# Your assignment:
Below are records with pictures in them; print them exactly, omitting the pictures.

Segment Open

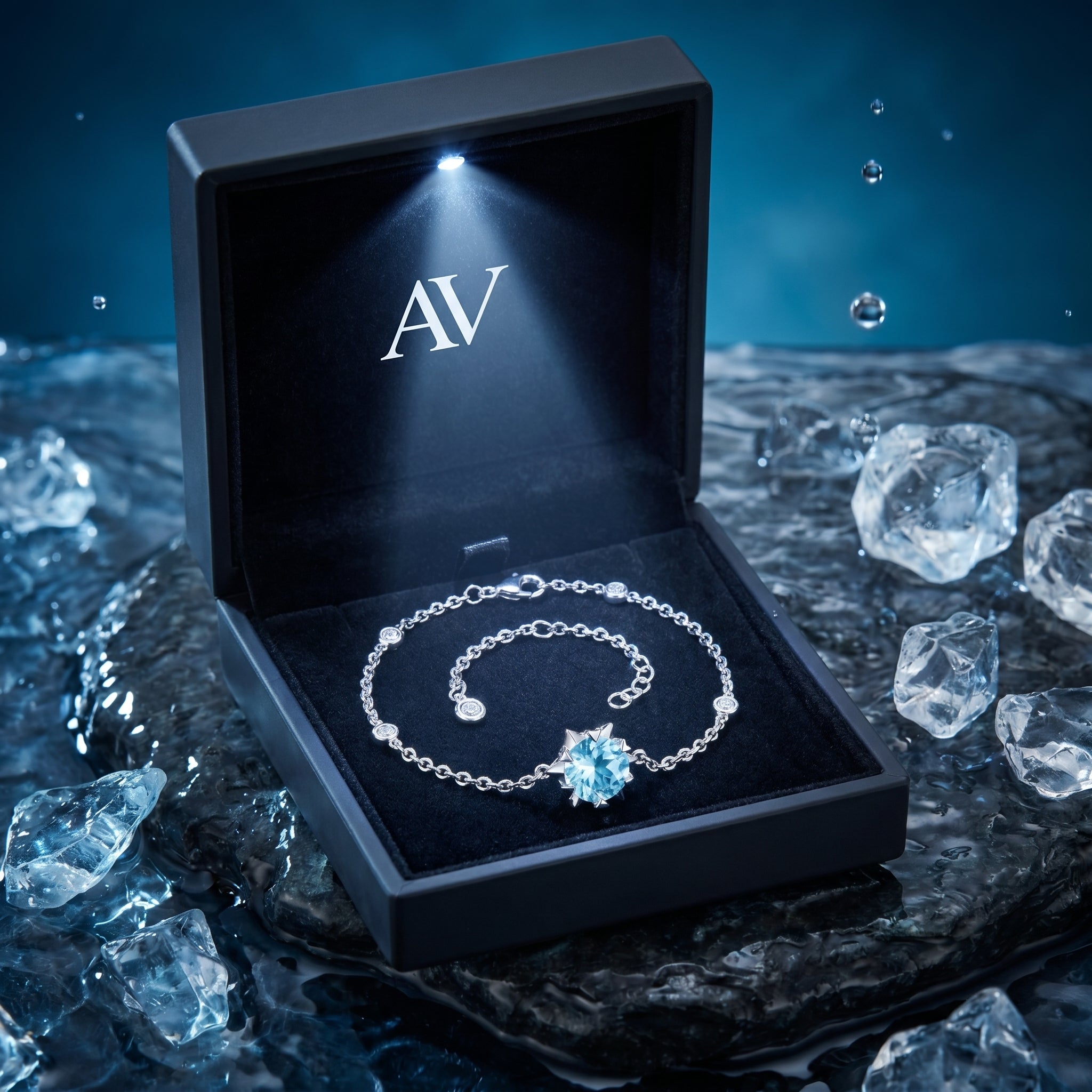 Platinum and natural aquamarine bracelet inside a lighted black jewelry box on a bed of ice.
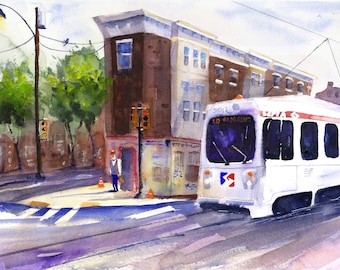 Philadelphia Brownstone Painting Septa Route 10 Lancaster Avenue Philly Wall Art Painting Philadelphia Trolley Car Prints and posters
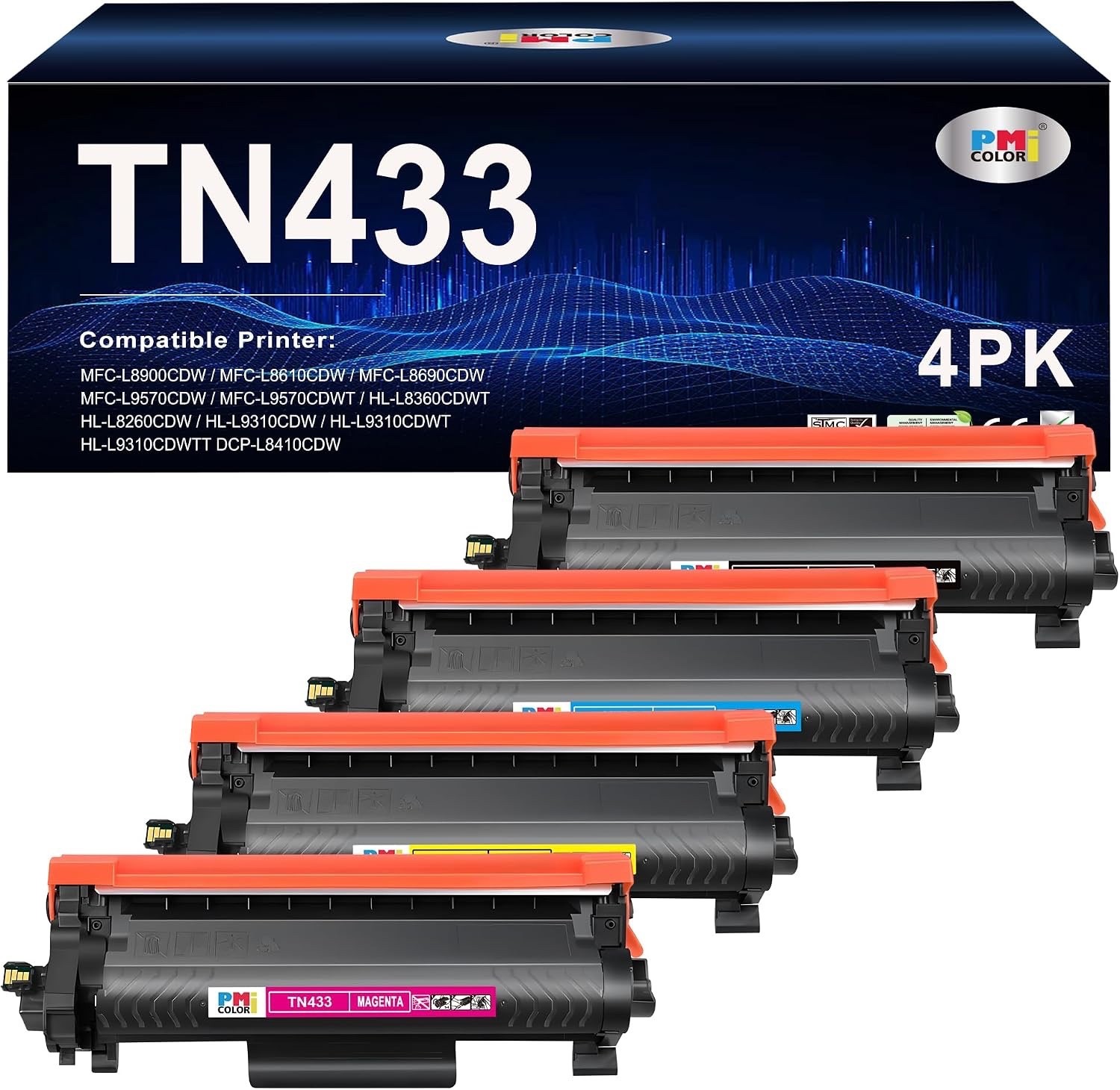 TN433BK, TN433C, TN433M, TN433Y Toner Cartridge Replacement for Brother TN433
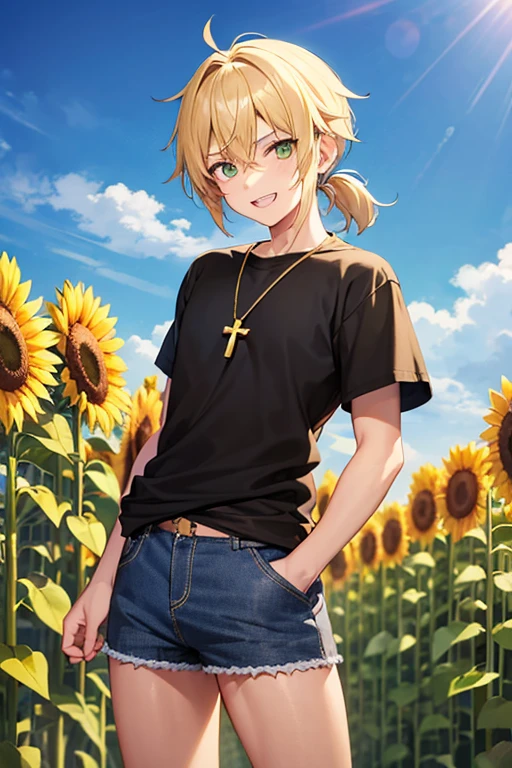Anime boy, bared teeth smiling expression, with blonde hair tied up in short ponytail, green eyes, black T-shirt, blue jean shorts, gold cross necklace, standing in a tall sunflower field, holding sunflower in hands,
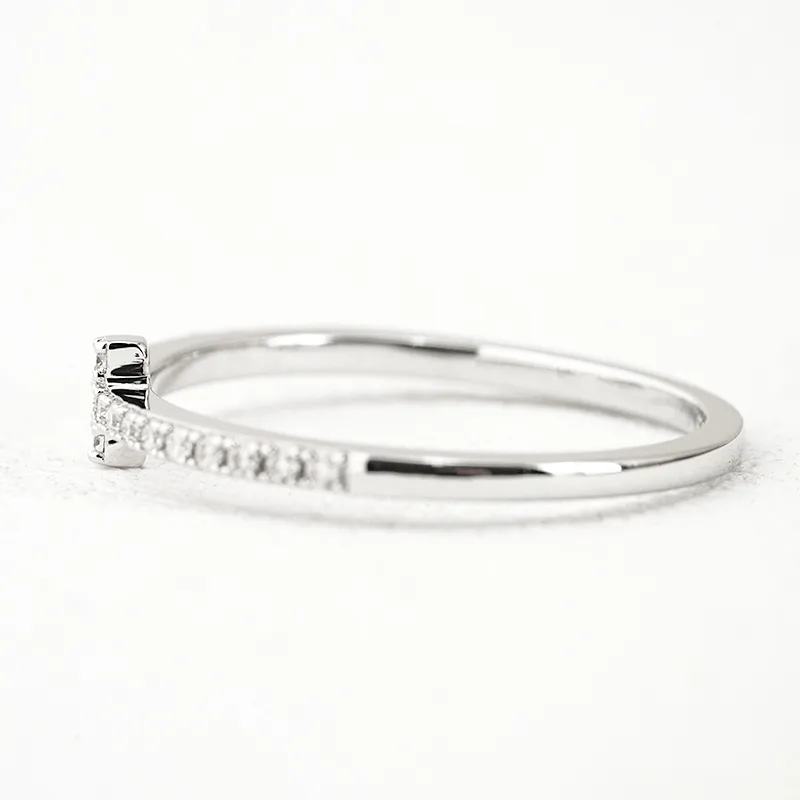 R3-0675 Cross S925 Silver 18K White Gold Round Moissanite Confession Ring Band Ring 0.17ct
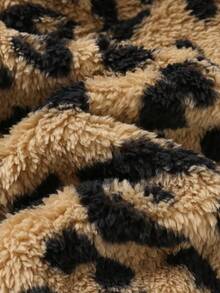 Cozy Pixies 女婴豹纹3D立体耳朵连帽长袖外套，加厚保暖内衬，适合秋冬季节穿着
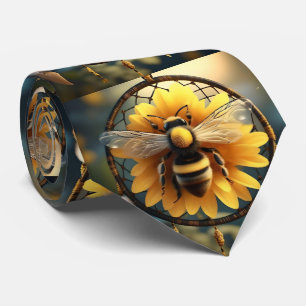 "Buzzing Dreams: Sunflower Bee Dreamcatcher" Tie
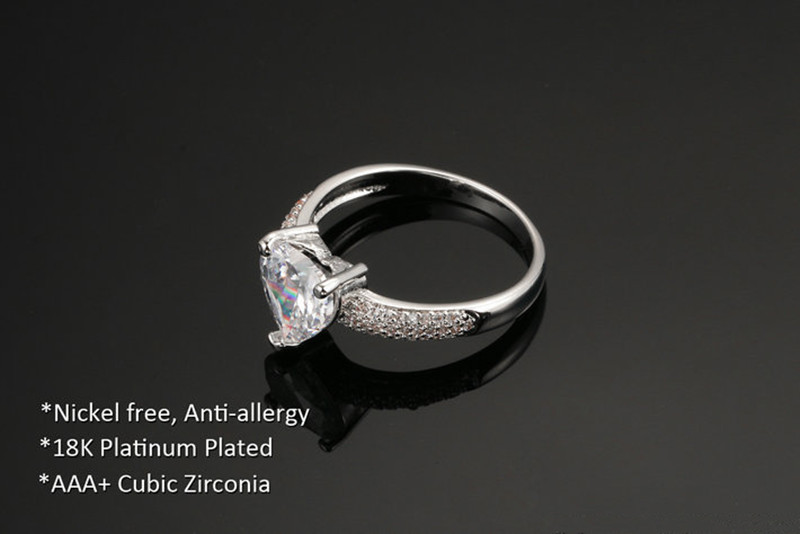 CZ Heart Stone Romantic Ring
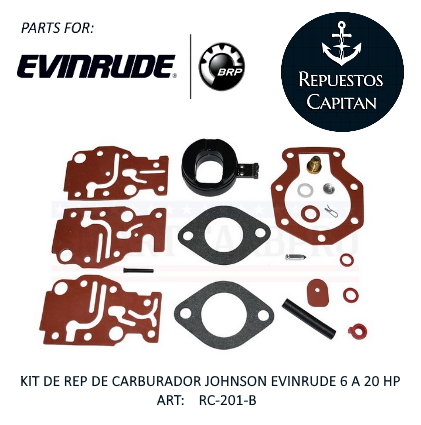 KIT DE REP CARBURADOR JOHNSON EVINRUDE 6 A 20 HP
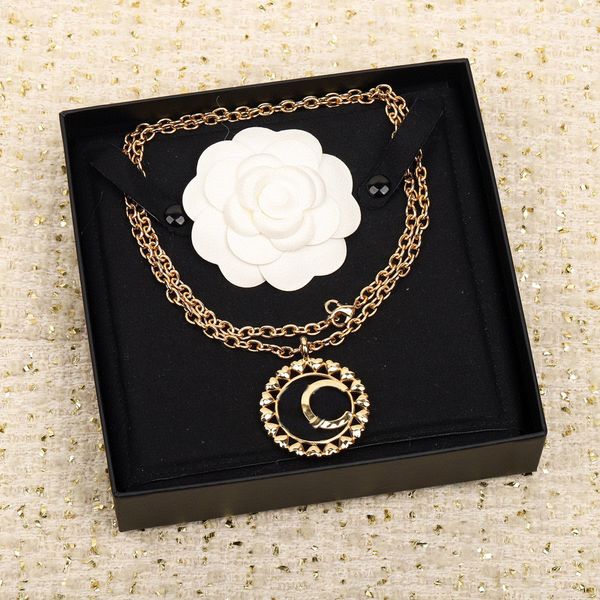 

2023 luxury quality charm pendant necklace round shape with hollow design long chain design have box stamp ps7629a, Golden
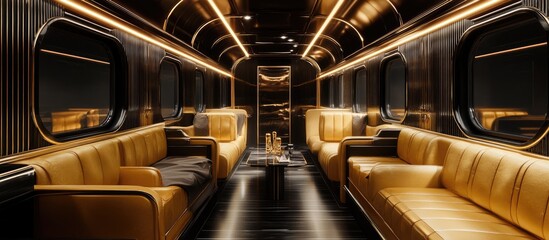 Luxurious train car interior with gold accents and leather seating.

Segment Closed

# Written response:
 Platinum and natural aquamarine bracelet inside a lighted black jewelry box on a bed of ice.
 Philadelphia Brownstone Painting Septa Route 10 Lancaster Avenue Philly Wall Art Painting Philadelphia Trolley Car Prints and posters
 TN433BK, TN433C, TN433M, TN433Y Toner Cartridge Replacement for Brother TN433
Anime boy, bared teeth smiling expression, with blonde hair tied up in short ponytail, green eyes, black T-shirt, blue jean shorts, gold cross necklace, standing in a tall sunflower field, holding sunflower in hands,
 R3-0675 Cross S925 Silver 18K White Gold Round Moissanite Confession Ring Band Ring 0.17ct
 Cozy Pixies 女婴豹纹3D立体耳朵连帽长袖外套，加厚保暖内衬，适合秋冬季节穿着
 "Buzzing Dreams: Sunflower Bee Dreamcatcher" Tie
 CZ Heart Stone Romantic Ring
 KIT DE REP CARBURADOR JOHNSON EVINRUDE 6 A 20 HP

2023 luxury quality charm pendant necklace round shape with hollow design long chain design have box stamp ps7629a, Golden
 Luxurious train car interior with gold accents and leather seating.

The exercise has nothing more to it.